“Ideas, more often than not, come in small fragments. I like to think about it as, in the other room, the puzzle is all together. But they keep flipping in, just one piece at a time.”
—David Lynch
It’s been a month
since the Han Exhibit went up at Culture House in DC, where my 6 minute film 엄마 나라 | Mother Land has been playing on loop to a gallery audience. The show came down, end of last week.
A lot of other things are coming to a close too—the long, sultry line of summer eliding into fall; soon, for many of us, Halloween; Thanksgiving; then Christmas.
It’s a time of change.
엄마 나라 | Mother Land is also about change. It was borne because of it, helped me ride it, resulted in more of it. While it was baring itself to strangers in a strange space, over and over again for what will have been 29 days, it, too has shifted.

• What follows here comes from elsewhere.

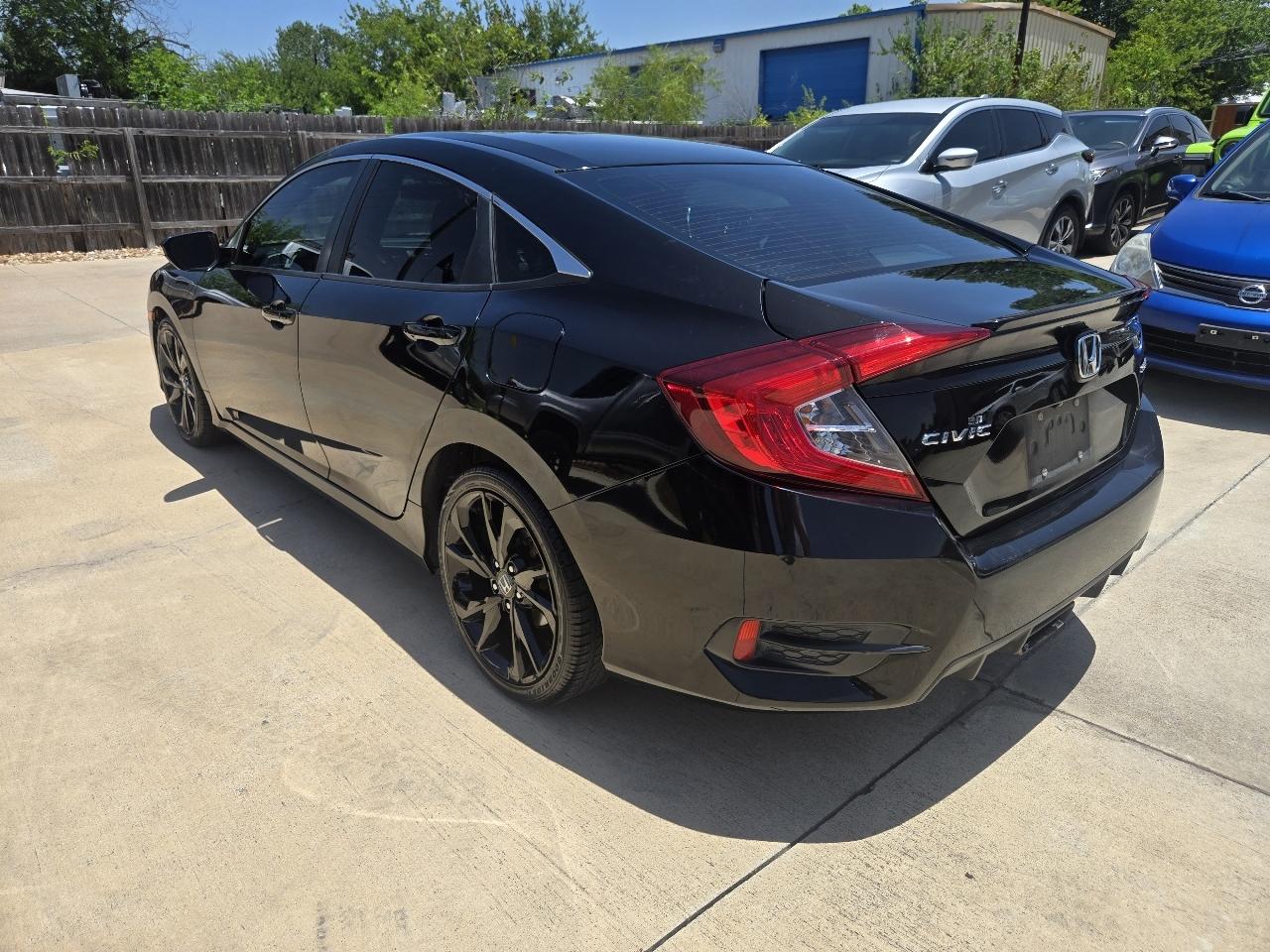 Honda Civic Sedan  2019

Among other things, it has moved farther from its beginning.
Today I reflect on that trajectory, and marvel at how, in the creative process, truly nothing goes to waste.
My previous project,
Chamoe, was a 2.5 minute film painted in Photoshop. It’s a very different film from 엄마 나라 | Mother Land. As meaningful a collaboration as it was with my mother, it was also driven by pragmatism. I leveraged it to become more technically proficient, explore the festival circuit, and develop a stronger opinion on style. 2000 hours and over 26,000 Photoshop layers later, I realized that I wanted to experiment more, particularly on the stylistic front. I wanted to spend more time storytelling, and less time in production.
After Chamoe wrapped in May of 2022, I began ramping up on what I thought would be my next film—Masks, an allegory about the Korean War.
엄마 나라 | Mother Land ended up being about the War too—but not in the way I expected.
Salman Rushdie once said that even when he knows what story he wants to tell, it can be difficult to find “the right door to go into the story.”
It took me almost a year
to find the door to 엄마 나라 | Mother Land. The information made itself available slowly, by fragments. It was my job to receive, and execute.
One of the ways I listened for signals was by making vignettes—short, looping animations. An early one would eventually introduce the final sequence of 엄마 나라 | Mother Land.
Some of the signals would come as I was falling asleep:
Along the way, there were what felt like stylistic breakthroughs:
The designer in me attempted, occasionally, to organize and outline:
In the fall, I saw Dad alive in person for the last time. Mom’s condition continued to decline, and my five-year relationship dissolved. During this period, I began sitting less with the Cintiq. I found myself gravitating instead toward paper. 18x24” drawing pads were particularly appealing to me, and working with them led to a gestural, and more open, line.
Maybe I just wanted a change, but it also made sense that I was craving ways of working that felt warmer; more physical and organic, than those provided by purely digital modes.
As Mom moved further out of reach, I drew deeper into abstractions:
By early December, Dad was no longer with us. I was also elsewhere; in some liminal shadowland of my own, alone. Re-entry began slowly; creative practice took months to stabilize. I leaned into ambiguity, and fragments.
I began trying new things in the studio, more often. I’d long been intrigued by phonotropes (animations on turntables), and despite friction—new hardware, math, After Effects expressions—I suddenly had the drive to explore in earnest.
Little did I know that for 엄마 나라 | Mother Land, the phonotrope would become the door. Pretty soon, I was watching stories come to life at 45 rpms.
“Finally, something starting to take shape,”
reads a journal entry from June 4, 2023. Only days prior, a sprint had kicked off with the curators for the Han exhibit. What began coming into view, would become 엄마 나라 | Mother Land, mere months later.
Sequencing and framing came together more easily once I began shooting footage. Still, the structure of the film started in a very different place than where it ended up:
I could never have planned this.
I never imagined that I’d be working with a turntable to animate stories, or that I’d be capable of trusting a project to come together without a plan. Somehow though, I was able to accept that all I could do was make time, and room, then capture as much signal to filter through, as possible.
I guess that’s a trajectory too.
Throughout this process, I’d generated a ton of notes, drawings, and vignettes as a part of signal-gathering. Also: storyboards, animatics, scripts. Some of these puzzle pieces flipped into the picture that became 엄마 나라 | Mother Land. Others remain unturned, for now.
What’s next?
I’ll be preparing 엄마 나라 | Mother Land for submission shortly. Details forthcoming.
First, I need to obtain music rights 🤞, transition at least one sequence from digital to watercolor, and clean up a few other things.
I still can’t believe that this film came out of me, and that I was able to commune with other human beings through it—between us hundreds of miles, walls, hours, and lives.